Dictionary style replace multiple items

map = setNames(c("0101", "0102", "0103"), c("AA", "AC", "AG"))
foo[] <- map[unlist(foo)]

assuming that map covers all the cases in foo. This would feel less like a 'hack' and be more efficient in both space and time if foo were a matrix (of character()), then

matrix(map[foo], nrow=nrow(foo), dimnames=dimnames(foo))

Both matrix and data frame variants run afoul of R's 2^31-1 limit on vector size when there are millions of SNPs and thousands of samples.


Here is a quick solution

dict = list(AA = '0101', AC = '0102', AG = '0103')
foo2 = foo
for (i in 1:3){foo2 <- replace(foo2, foo2 == names(dict[i]), dict[i])}

One of the most readable way to replace value in a string or a vector of string with a dictionary is stringr::str_replace_all, from the stringr package. Beware: this method is based on regex (see here).

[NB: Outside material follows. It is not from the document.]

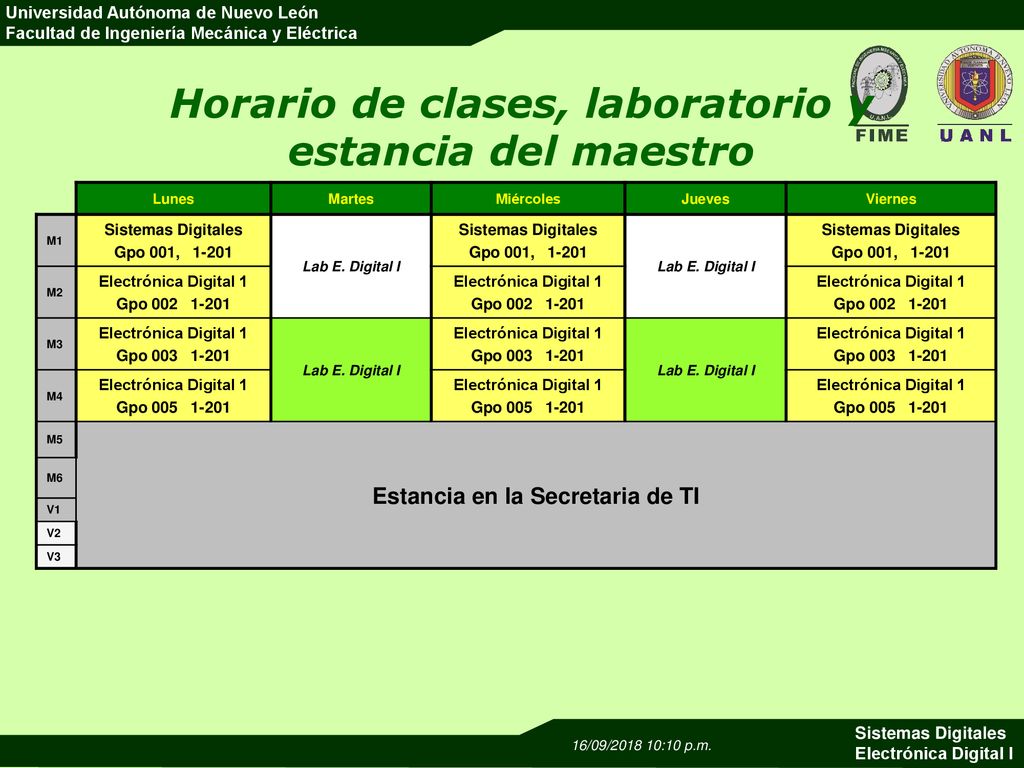 Horario de clases, laboratorio y estancia del maestro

The pattern needed by str_replace_all can be a dictionnary, expressed as a list: c("regex" = "desired value").

# 1. Made your dictionnary
dictio_replace= c("AA"= "0101", 
                  "AC"= "0102",
                  "AG"= "0103") # short example of dictionnary.

 # 2. Replace all pattern, according to the dictionary-values (only a single vector of string, or a single string)
 foo$snp1 <- stringr::str_replace_all(string = foo$snp1,
                                      pattern= dictio_replace)  # we only use the 'pattern' option here: 'replacement' is useless since we provide a dictionnary.

Repeat step 2 with foo$snp2 & foo$snp3. If you have more vectors to transform it's a good idea to use another func', in order to replace values in each of the columns/vector in the dataframe without repeating yourself.


If you're open to using packages, plyr is a very popular one and has this handy mapvalues() function that will do just what you're looking for:

foo <- mapvalues(foo, from=c("AA", "AC", "AG"), to=c("0101", "0102", "0103"))

Note that it works for data types of all kinds, not just strings.